Saturday, November 17, 2018

How Jo Craven McGinty Overcame Her Mathemaphobia

Jo Craven McGinty, of the Wall Street Journal


It has been a long, hard struggle for Ms. McGinty and her congenital mathemaphobia. As an infant she screamed in terror at the sight of wooden blocks with numbers painted on them. As a child she had but a garbled conception of the numeric system, singing in an innocent voice:

"One, Five, a big bee hive."
"Eleven, nine, the old log pine."
"Three, zero, a big fat gyro."

In grade school her arithmetic scores were so abysmal that she was put in a Special Learning classroom that consisted of her and sixteen garden gnomes from neighboring homes. And she still got the lowest score in the class.

Worried about her future, her family did their best to prepare her for a career where math, or even just the ability to count sequentially, was not needed. They encouraged her to either run for Congress or become a banker.

Unable to face the bleak future her family predicted for her, Ms. McGinty ran away from home at the age of sixteen to join the circus as a ticket seller. Her manner of selling 'ducats' (circus lingo for tickets) was so chaotic and bizarre that she inevitably shortchanged her customers -- who preferred to lose a few dollars rather than endure Ms. McGinty's explanation of how 7 goes into 28 thirteen times. 

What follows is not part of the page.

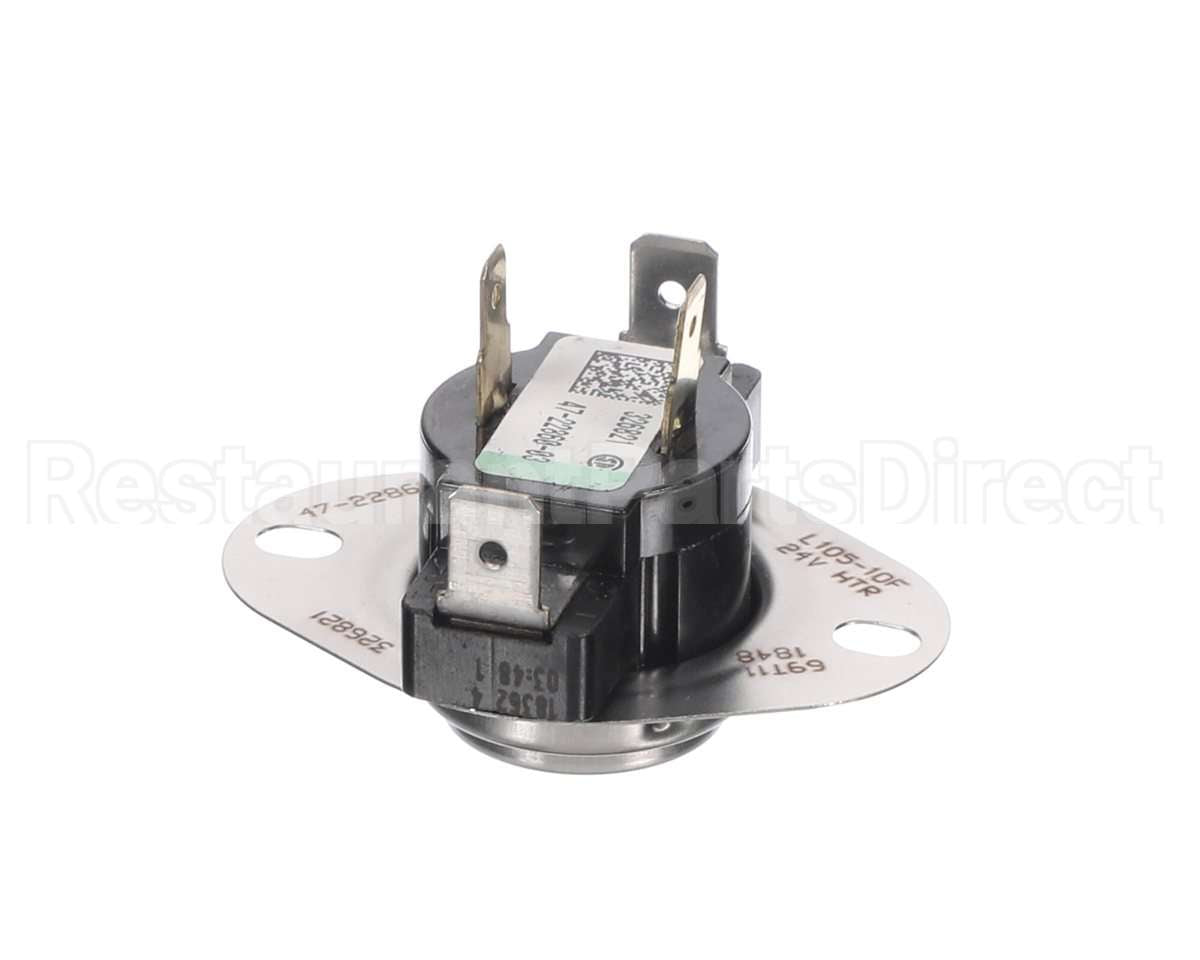47-22860-03 Rheem 95-105F Auto Limit Switch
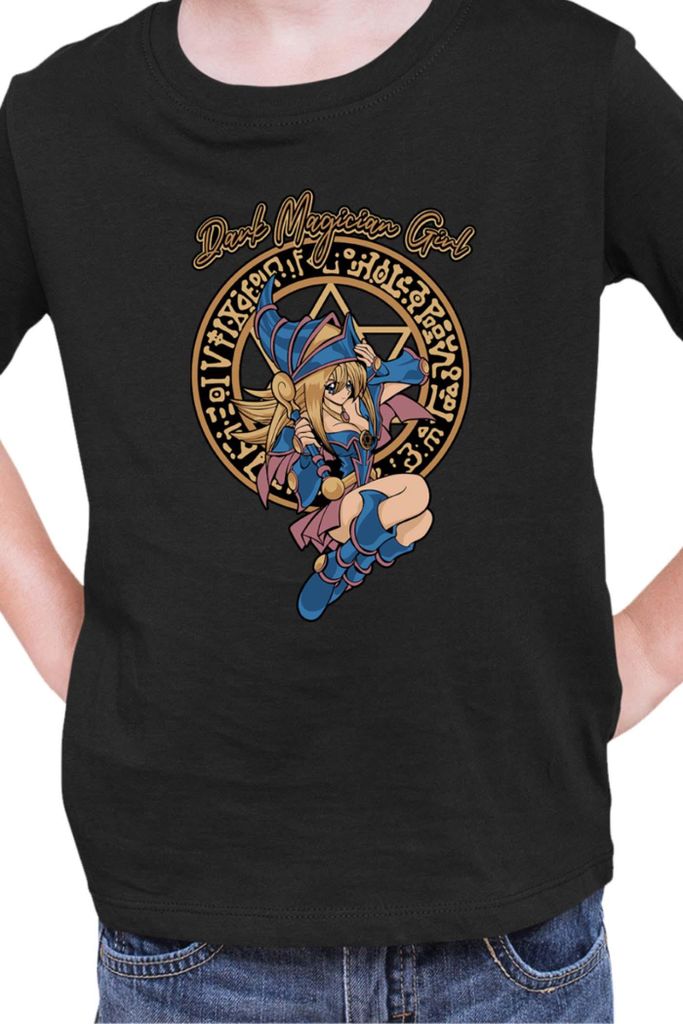 Kinder T-Shirt Japan Manga Anime Comics Yu Gi 025, / Schwarz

Circus management was not slow to recognize her unique business acumen, and consequently raised her salary and gave her a private table in the cook tent. Her future was assured, until she accidentally spilled a plate of pork and beans on the show's star attraction, Swami Herzog. The Swami was so incensed that he immediately cursed her with the algebraic genius of an Einstein -- and her circus career was dead as a door nail. 

Abandoned to perish on the side of the road by the heartless circus brass, Ms. McGinty was saved from starvation by a kindly reporter from the Durham Sun, who brought her to his home, cleaned her up, and gave her a job at the paper counting subscription revenue. From there it was only a hop, skip, and a jump, to her current position as numbers specialist for the Wall Street Journal. 

Her advice to young reporters just starting out in analyzing the numbers behind the stories is:  "Count your blessings, then make sure to deduct the sin tax." 

When not caressing her abacus, Ms. McGinty likes to collect bezoars.